AT&T holds a November 29, 2023 judgment against defendants Grupo Salinas Telecom, S.A. DE C.V. and Grupo Salinas Telecom II, S.A. DE C.V. (Grupo) for over $20 million (Judgment) following a trial before this court for breach of the parties' Stock Purchase Agreement (SPA). (NYSCEF Doc.
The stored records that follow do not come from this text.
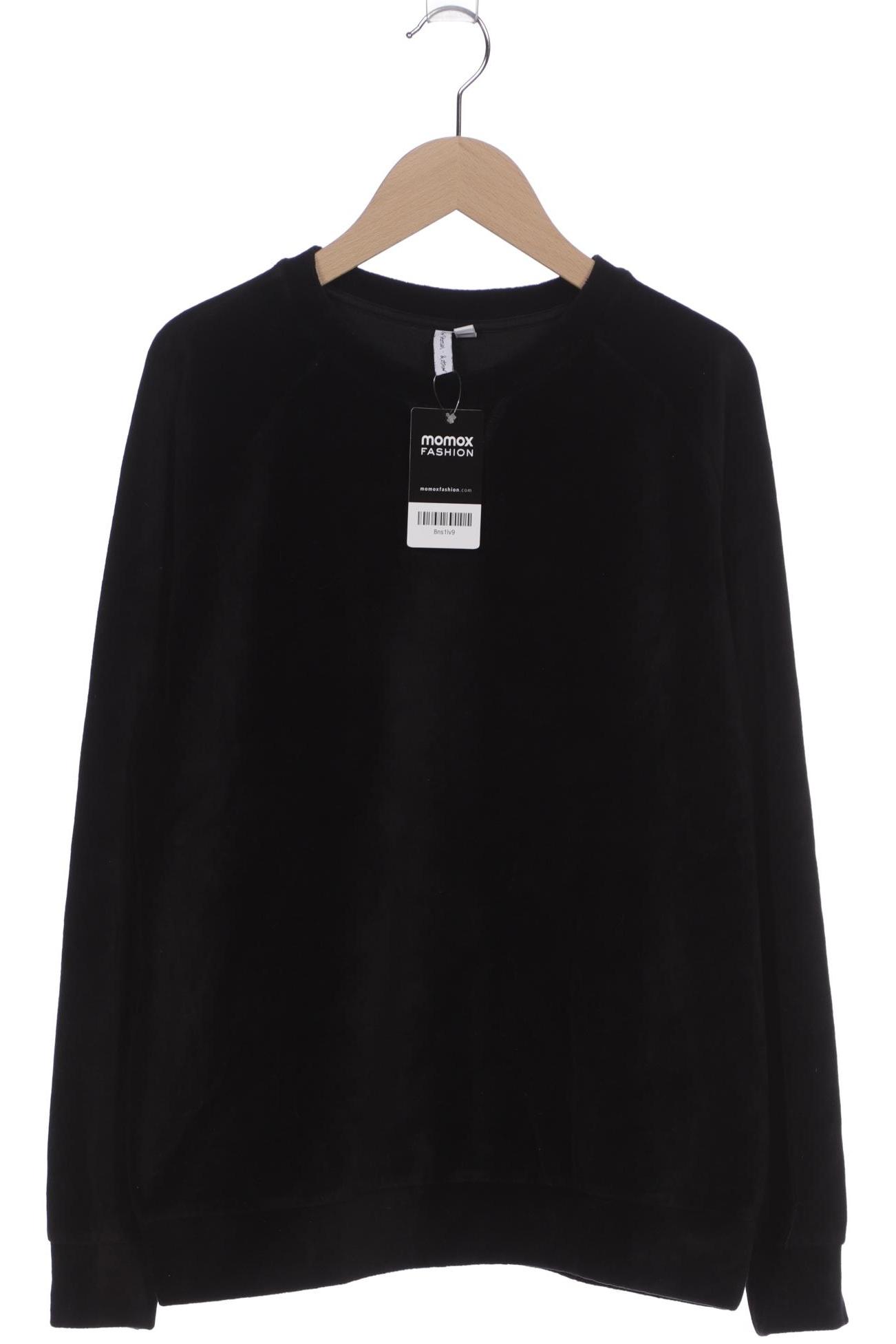 

& Other Stories Damen Sweatshirt, schwarz, Gr. 38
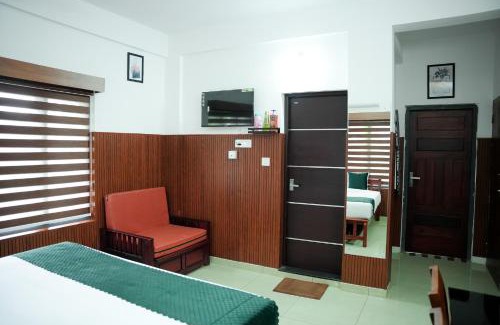 Nedumbassery Hotel | TREE 9 COCHIN AiRPORT HOTEL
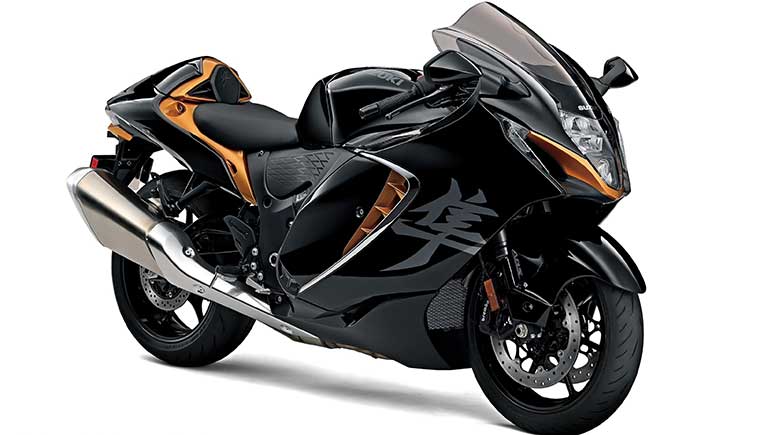 Suzuki Motorcycle India launches new Hayabusa at Rs 1,640,000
No. [NYSCEF] 577, Judgment; NYSCEF 578, Notice of Entry of Judgment.) On September 19, 2023, the court found that Grupo had breached its agreement to indemnify AT&T for "all Taxes and Damages relating to" (i) "any Taxes imposed on" the lusacell Entities "relating to or attributable to" a time period prior to AT&T's acquisition, and (ii) "any breach" of Grupo's tax-related representation and warranties. (NYSCEF 159, SPA §§ 7.5 [a], 3.2 [n]; NYSCEF 570, September 19, 2023 tr.) The parties agreed to New York as the forum for disputes. (NYSCEF 159, SPA § 9.3.) AT&T seeks an order directing Grupo to turnover: (1) all of Grupo's disclosed and undisclosed cash on hand directly to AT&T; (2) Grupo's shares of Grupo Elektra S.A.B. de C.V. (Elektra) to a receiver; and (3) Grupo's shares of Servicios Tplay S.A. de C.V. (STP) to a receiver. AT&T requests appointment of Robert Seiden as receiver.
The motion was granted for the reasons stated on the record on June 5, 2024 as to the first and second requests. The court now grants the motion in its entirety with this decision, which supplements the record.
AT&T has satisfied CPLR 5225 (a), which provides:
"(a) Property in the possession of judgment debtor. Upon motion of the judgment creditor, upon notice to the judgment debtor, where it is shown that the judgment debtor is in possession or custody of money or other personal property in which he has an interest, the court shall order that the judgment debtor pay the money, or so much of it as is sufficient to satisfy the judgment, to the judgment creditor."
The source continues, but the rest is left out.